Reproduce exactly only the lines from the line that holds "Stop right there." to the line that holds "Load image into", inclusive, in the listing below, and please leave out every picture.
*** Opening of Dataset records ***
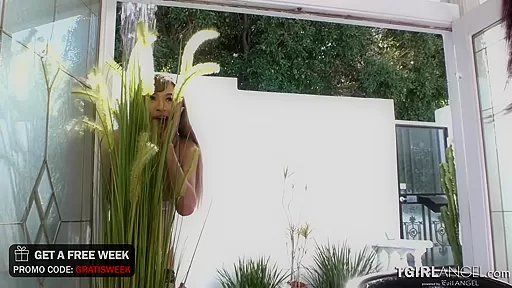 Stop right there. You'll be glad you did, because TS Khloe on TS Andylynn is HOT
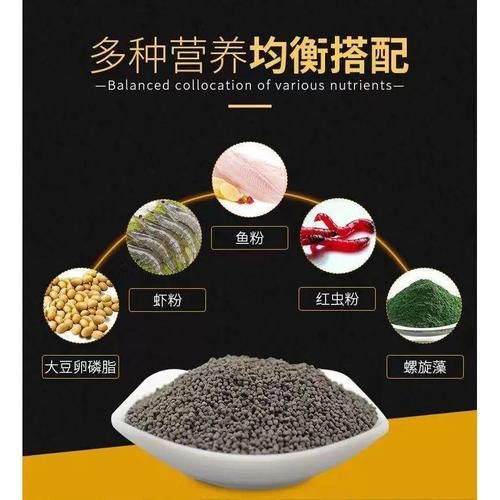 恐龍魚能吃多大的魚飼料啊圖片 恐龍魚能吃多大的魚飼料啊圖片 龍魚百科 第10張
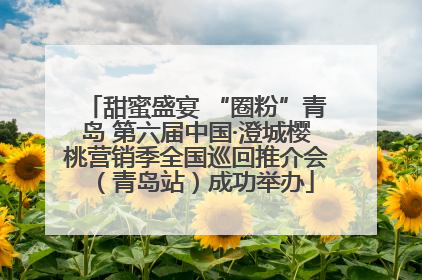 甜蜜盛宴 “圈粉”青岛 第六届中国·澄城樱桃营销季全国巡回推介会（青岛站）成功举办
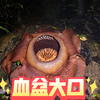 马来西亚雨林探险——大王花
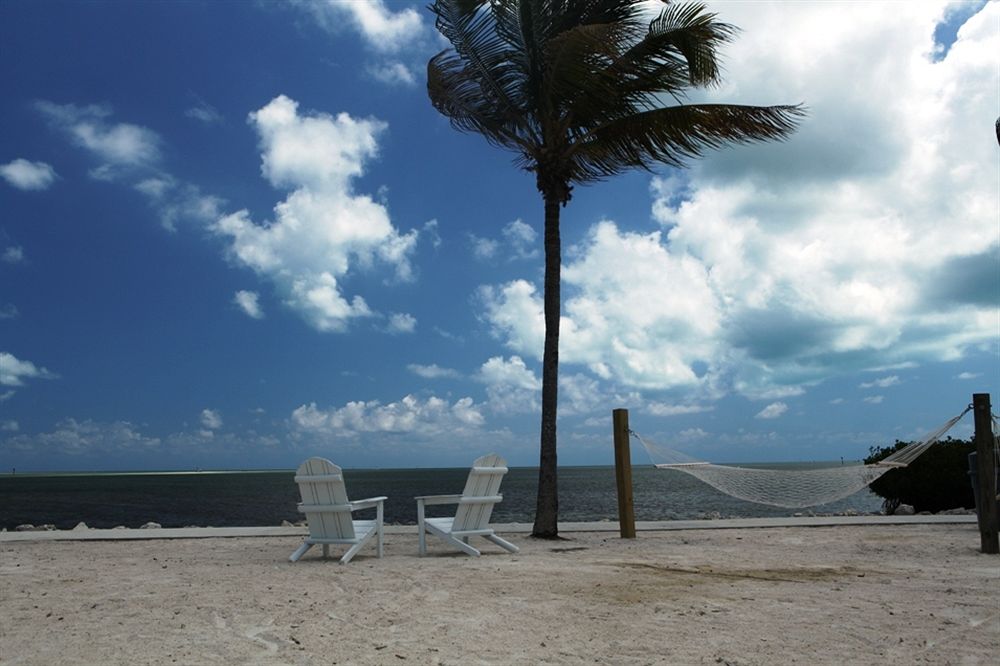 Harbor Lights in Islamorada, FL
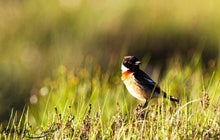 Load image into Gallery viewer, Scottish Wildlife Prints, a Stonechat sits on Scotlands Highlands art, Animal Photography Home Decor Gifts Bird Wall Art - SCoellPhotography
*** Close of Dataset records ***
*** Opening of Dataset records ***
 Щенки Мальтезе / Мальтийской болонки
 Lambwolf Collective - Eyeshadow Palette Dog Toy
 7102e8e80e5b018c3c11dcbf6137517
*** Close of Dataset records ***
- _Answer space_
 Stop right there. You'll be glad you did, because TS Khloe on TS Andylynn is HOT
 恐龍魚能吃多大的魚飼料啊圖片 恐龍魚能吃多大的魚飼料啊圖片 龍魚百科 第10張
 甜蜜盛宴 “圈粉”青岛 第六届中国·澄城樱桃营销季全国巡回推介会（青岛站）成功举办
 马来西亚雨林探险——大王花
 Harbor Lights in Islamorada, FL
 Load image into Gallery viewer, Scottish Wildlife Prints, a Stonechat sits on Scotlands Highlands art, Animal Photography Home Decor Gifts Bird Wall Art - SCoellPhotography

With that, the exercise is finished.